> **Task statement**: Could you return the data that follows exactly, minus the images?

> **Given information**:
* * * * *

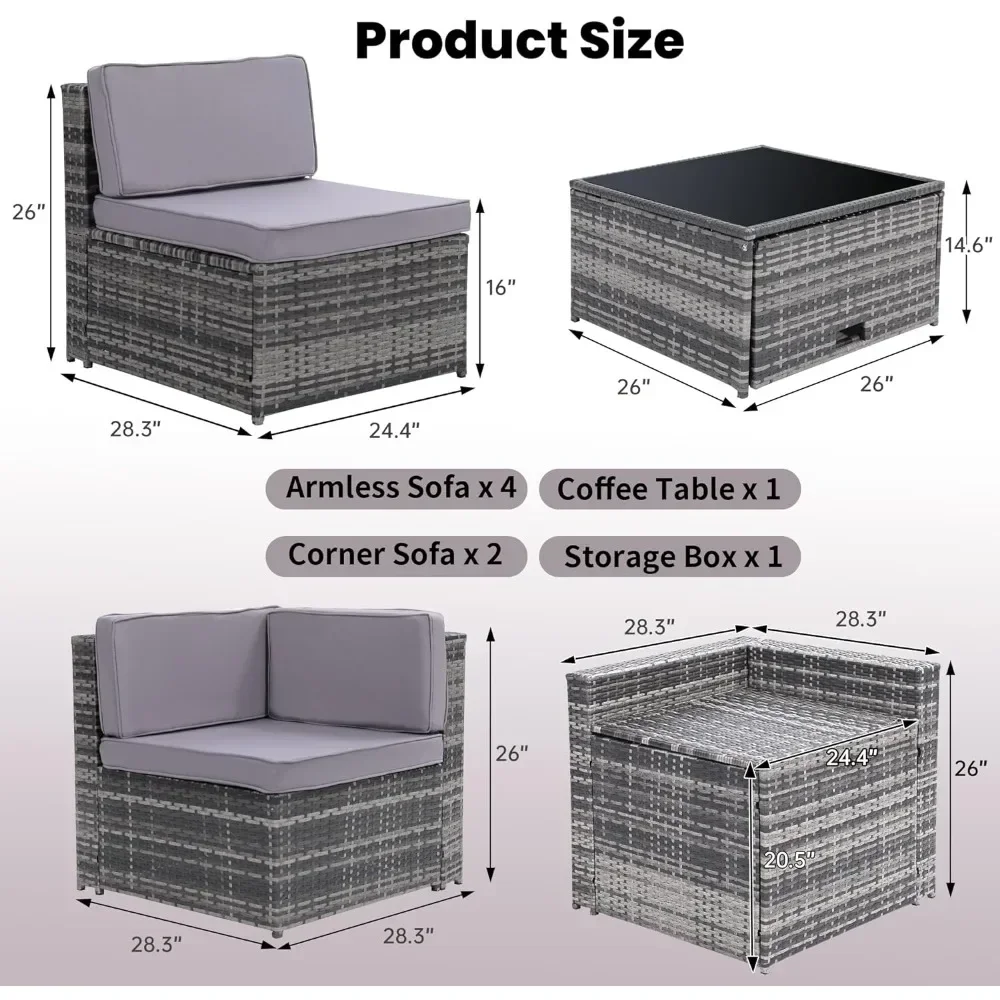 

Комбинированный набор плетеной мебели для террасы из 8 предметов с местом для хранения, стеклянный настольный стол ‎ 30,3 x 30,3 x 17,3 дюйма A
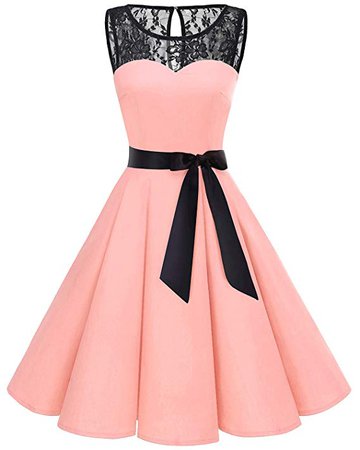 Bbonlinedress Women's 1950s Vintage Rockabilly Swing Dress Lace Cocktail Prom Party Dress at Amazon Women’s Clothing store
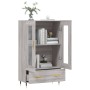 Credenza Grigio Sonoma 69,5x31x115 cm in Legno Multistrato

* * * * *

> **Your response**:
Комбинированный набор плетеной мебели для террасы из 8 предметов с местом для хранения, стеклянный настольный стол ‎ 30,3 x 30,3 x 17,3 дюйма A
 Bbonlinedress Women's 1950s Vintage Rockabilly Swing Dress Lace Cocktail Prom Party Dress at Amazon Women’s Clothing store
 Credenza Grigio Sonoma 69,5x31x115 cm in Legno Multistrato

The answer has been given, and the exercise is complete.